YOUR ASSIGNMENT -> Among the entries below, copy only the span from the line containing "발레 바람 순수한 욕망" through the line containing "Ottoman Rectangular Storage". Do so exactly, and skip the pictures.

== SUPPLIED ENTRIES

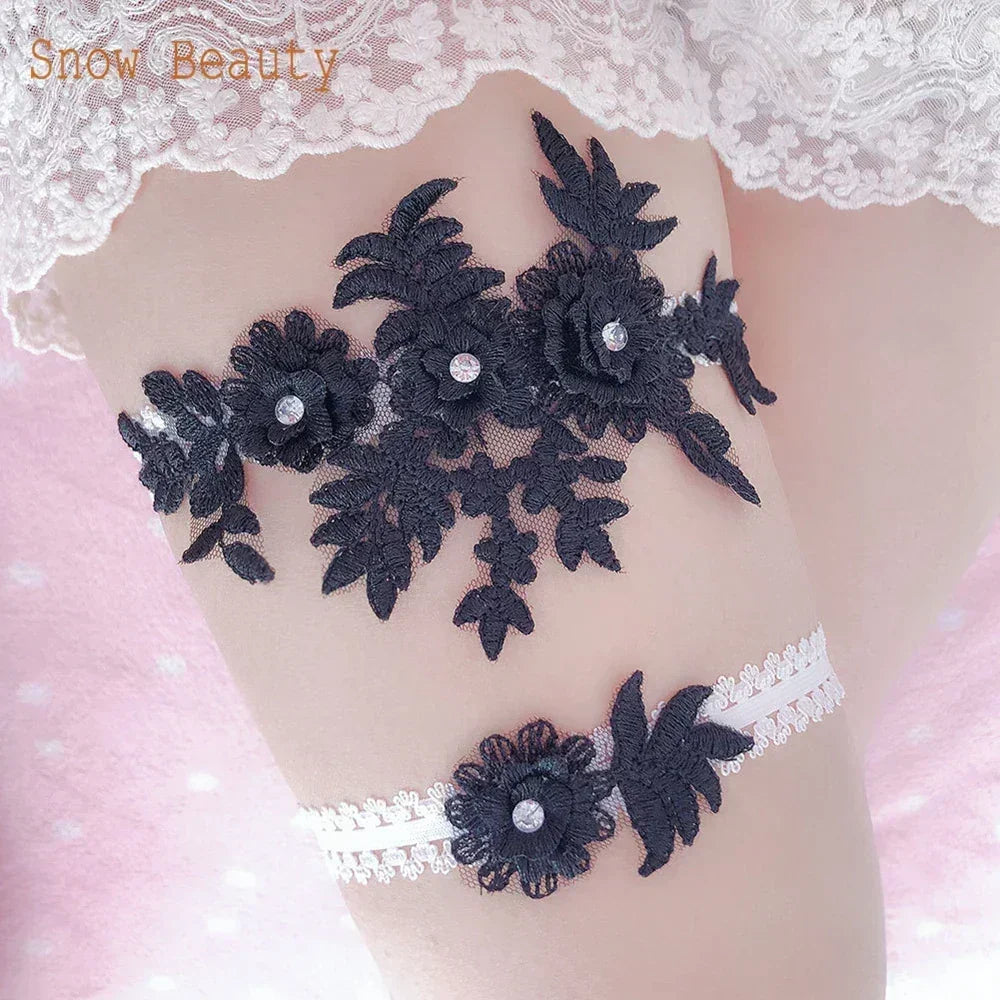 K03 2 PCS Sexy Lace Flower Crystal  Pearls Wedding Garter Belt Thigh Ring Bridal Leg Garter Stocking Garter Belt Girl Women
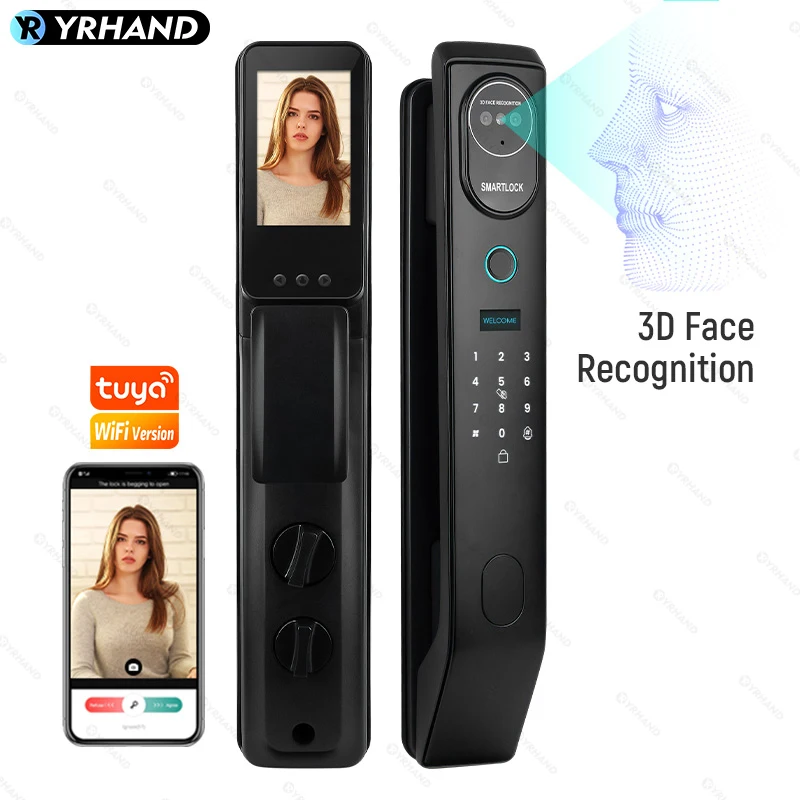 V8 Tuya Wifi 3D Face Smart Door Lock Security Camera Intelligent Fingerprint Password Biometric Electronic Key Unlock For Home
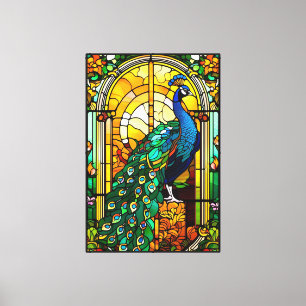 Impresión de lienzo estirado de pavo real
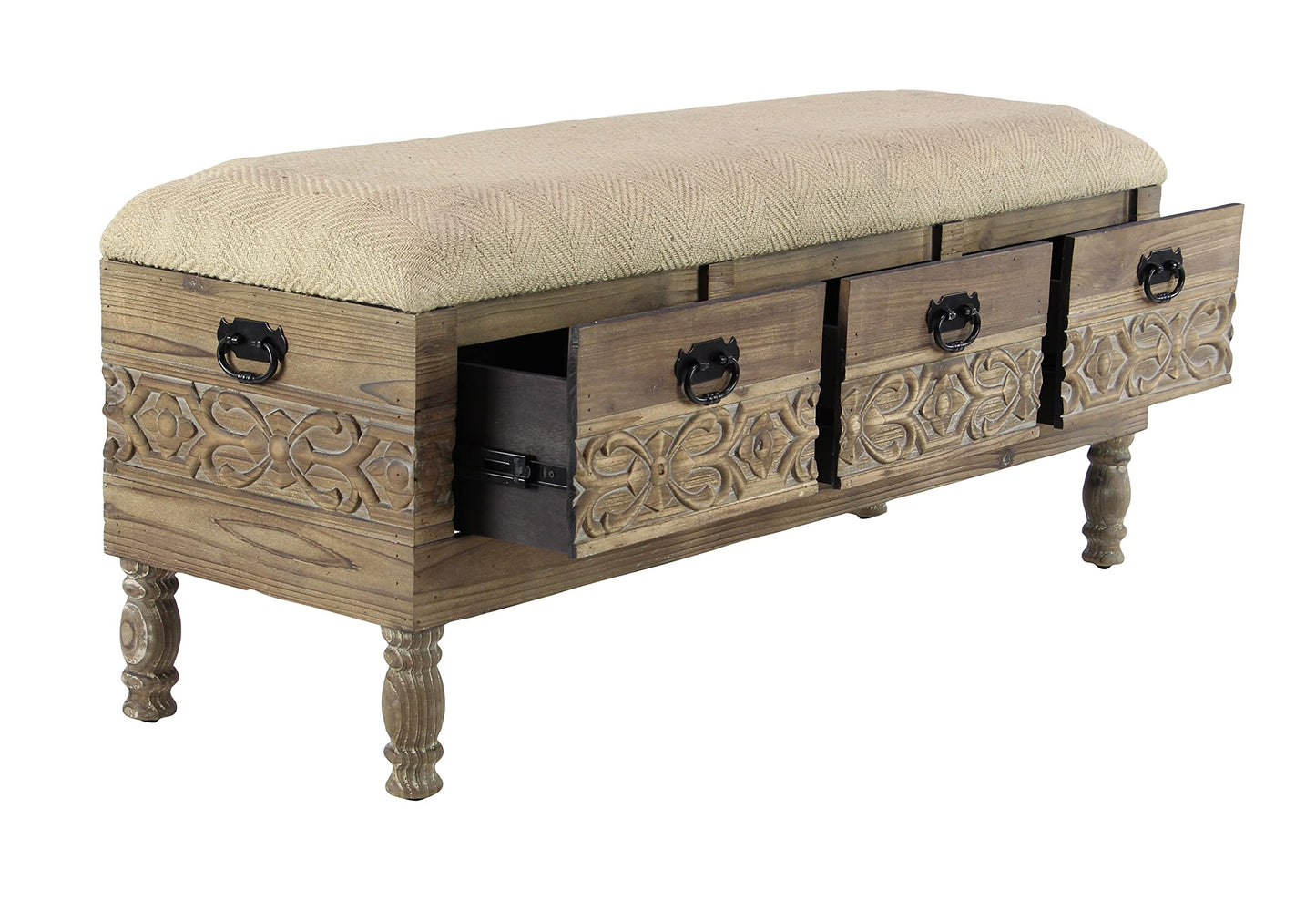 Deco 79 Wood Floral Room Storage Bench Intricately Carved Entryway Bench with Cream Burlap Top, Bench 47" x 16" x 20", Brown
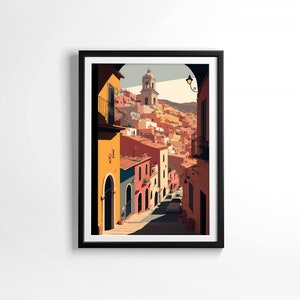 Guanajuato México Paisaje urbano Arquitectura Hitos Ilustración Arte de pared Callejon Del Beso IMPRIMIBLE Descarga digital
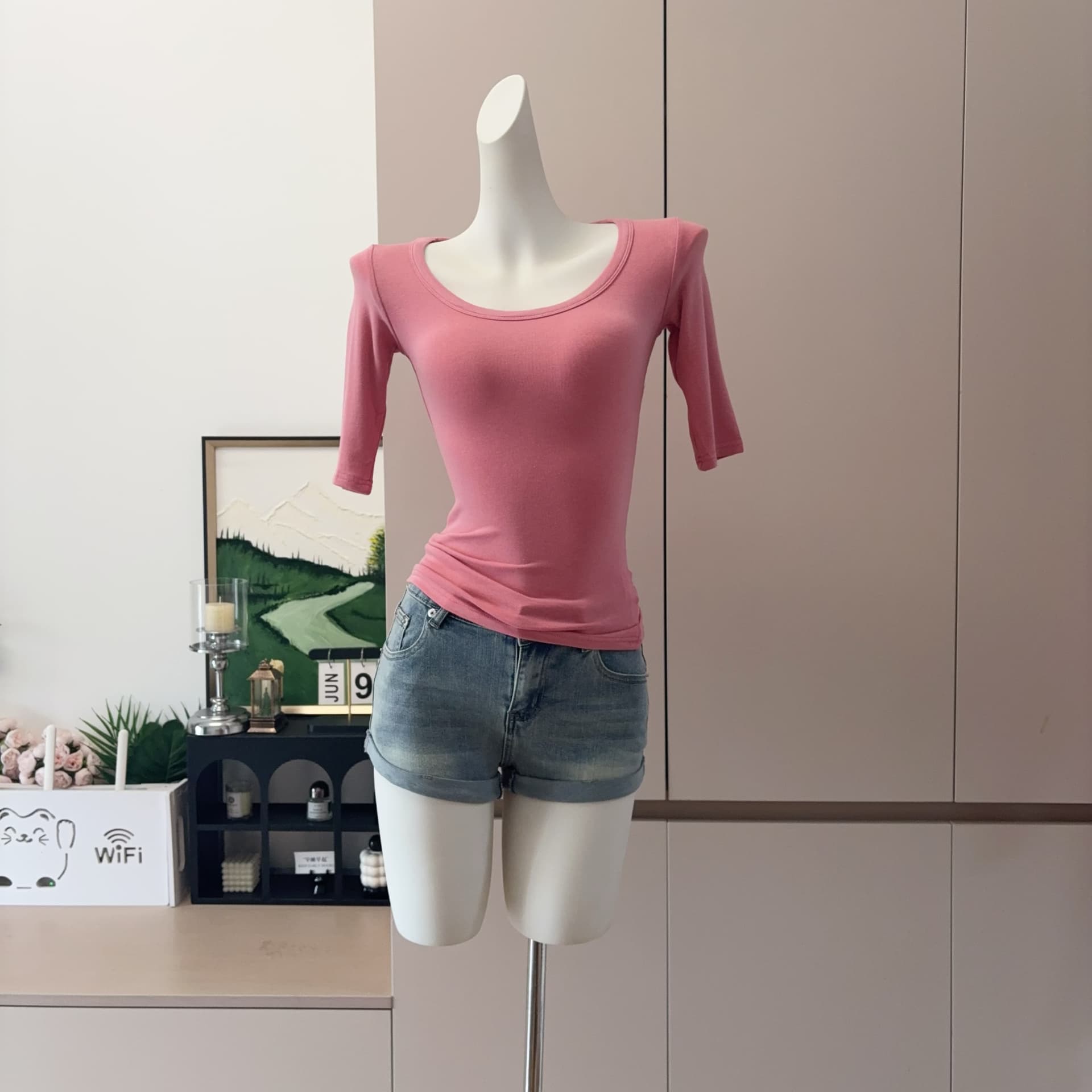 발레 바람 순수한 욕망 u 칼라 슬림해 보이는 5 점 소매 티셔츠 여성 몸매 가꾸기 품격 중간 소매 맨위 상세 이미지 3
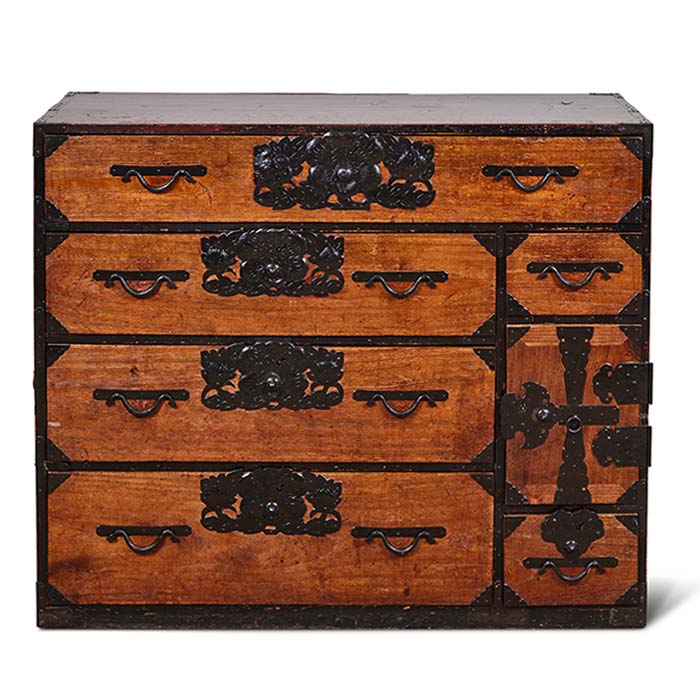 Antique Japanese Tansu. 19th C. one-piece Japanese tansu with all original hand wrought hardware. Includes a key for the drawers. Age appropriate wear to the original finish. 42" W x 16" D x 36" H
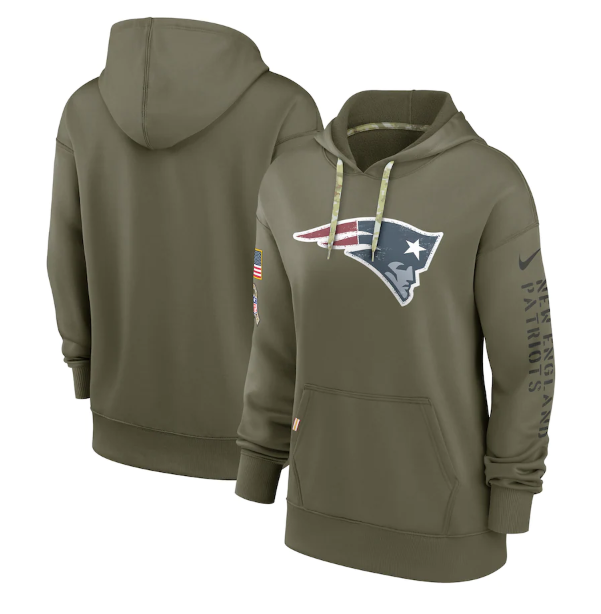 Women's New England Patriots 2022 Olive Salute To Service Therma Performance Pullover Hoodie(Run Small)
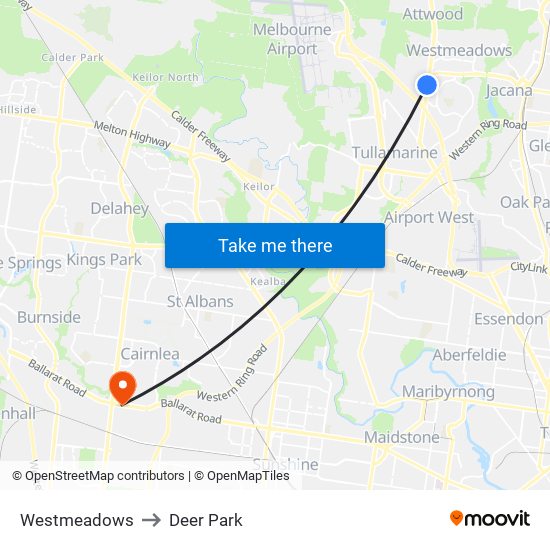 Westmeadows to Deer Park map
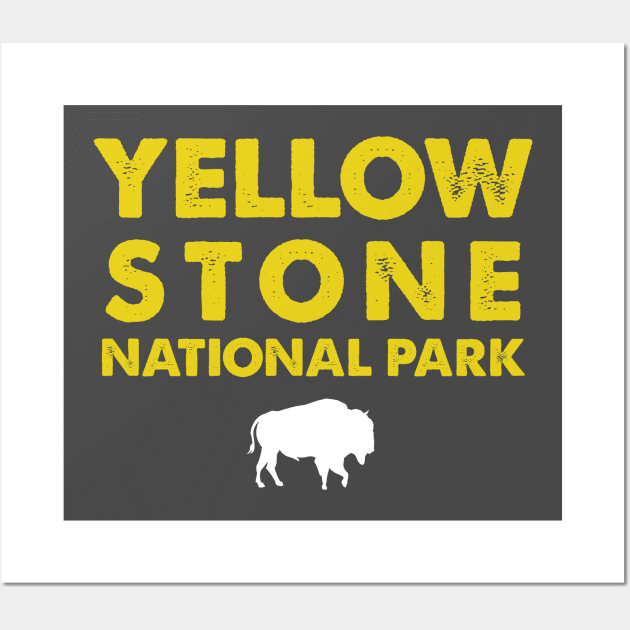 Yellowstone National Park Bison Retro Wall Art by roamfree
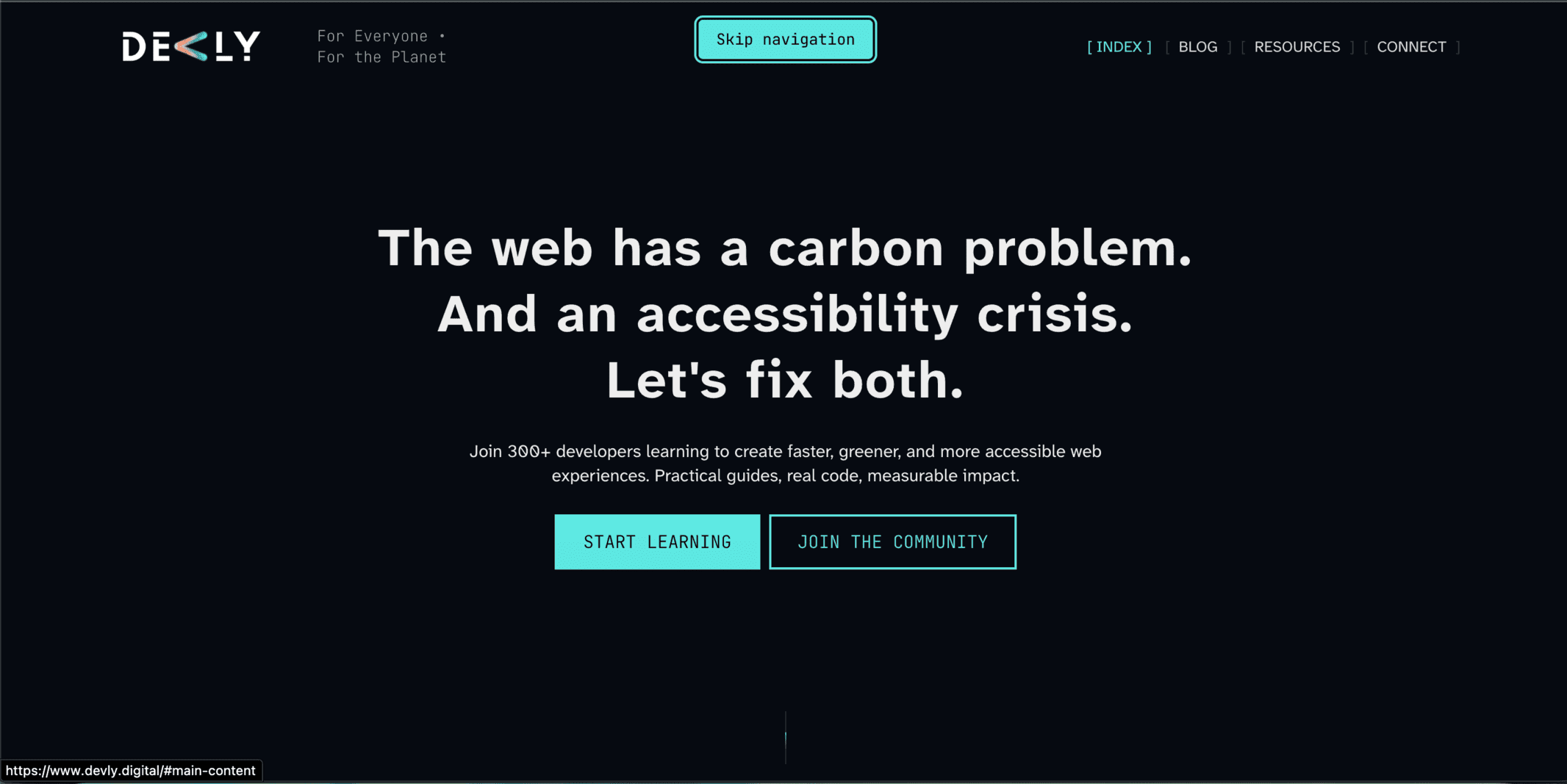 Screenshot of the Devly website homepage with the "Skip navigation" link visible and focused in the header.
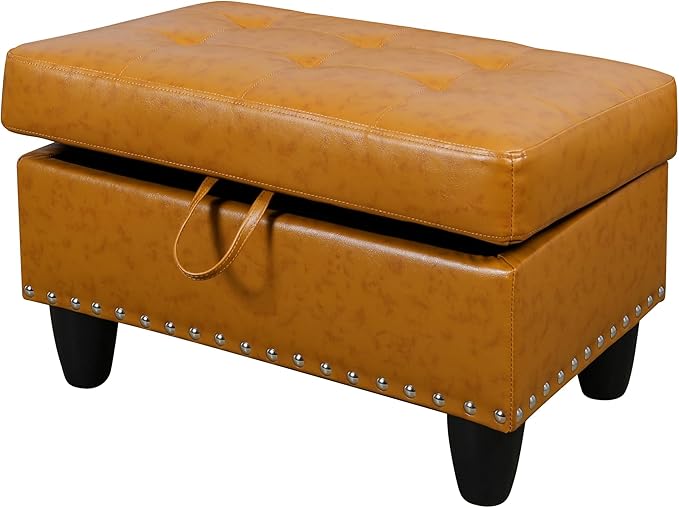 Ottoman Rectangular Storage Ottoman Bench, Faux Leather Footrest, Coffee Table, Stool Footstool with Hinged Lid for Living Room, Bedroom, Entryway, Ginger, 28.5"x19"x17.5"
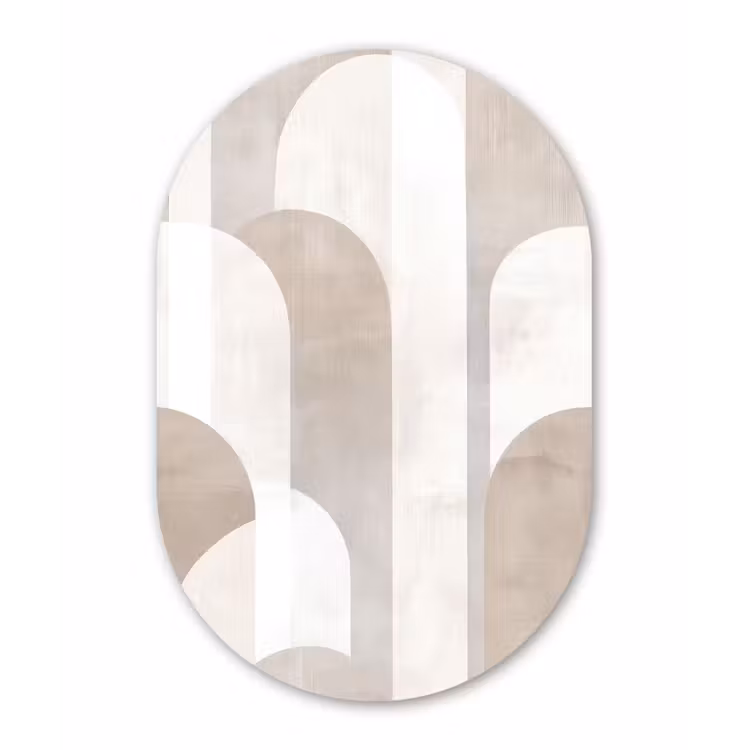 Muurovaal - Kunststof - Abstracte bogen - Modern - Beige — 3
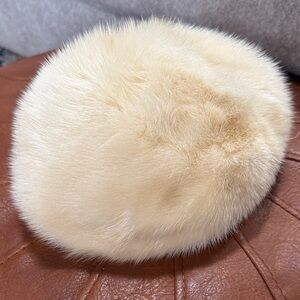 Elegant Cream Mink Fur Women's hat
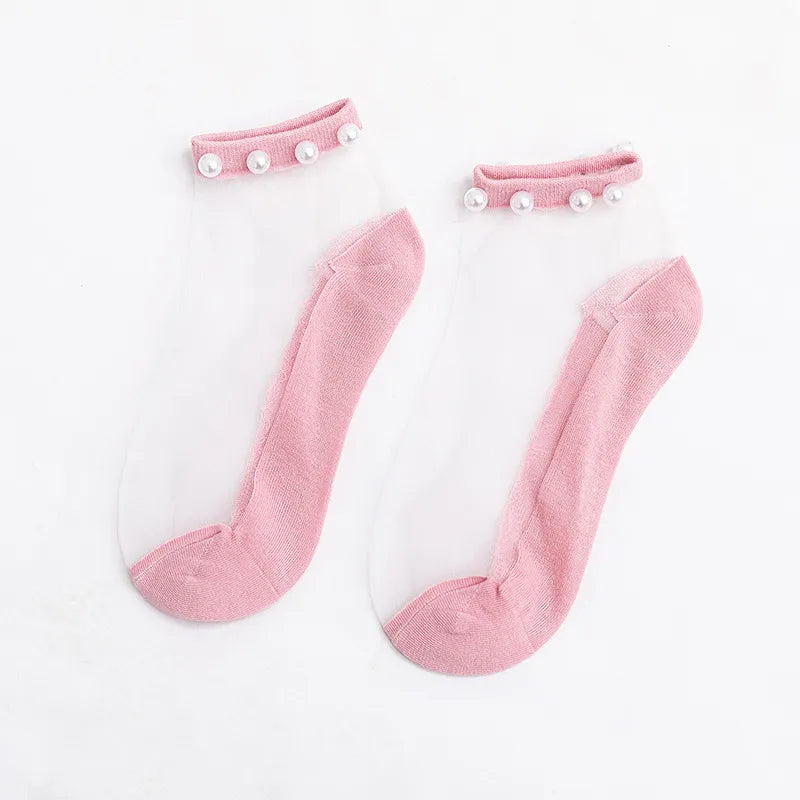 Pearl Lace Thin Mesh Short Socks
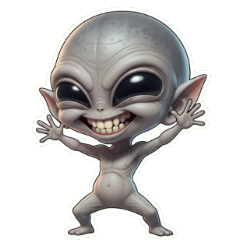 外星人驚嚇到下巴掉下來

====

TASK RESULT ->
 발레 바람 순수한 욕망 u 칼라 슬림해 보이는 5 점 소매 티셔츠 여성 몸매 가꾸기 품격 중간 소매 맨위 상세 이미지 3
 Antique Japanese Tansu. 19th C. one-piece Japanese tansu with all original hand wrought hardware. Includes a key for the drawers. Age appropriate wear to the original finish. 42" W x 16" D x 36" H
 Women's New England Patriots 2022 Olive Salute To Service Therma Performance Pullover Hoodie(Run Small)
 Westmeadows to Deer Park map
 Yellowstone National Park Bison Retro Wall Art by roamfree
 Screenshot of the Devly website homepage with the "Skip navigation" link visible and focused in the header.
 Ottoman Rectangular Storage Ottoman Bench, Faux Leather Footrest, Coffee Table, Stool Footstool with Hinged Lid for Living Room, Bedroom, Entryway, Ginger, 28.5"x19"x17.5"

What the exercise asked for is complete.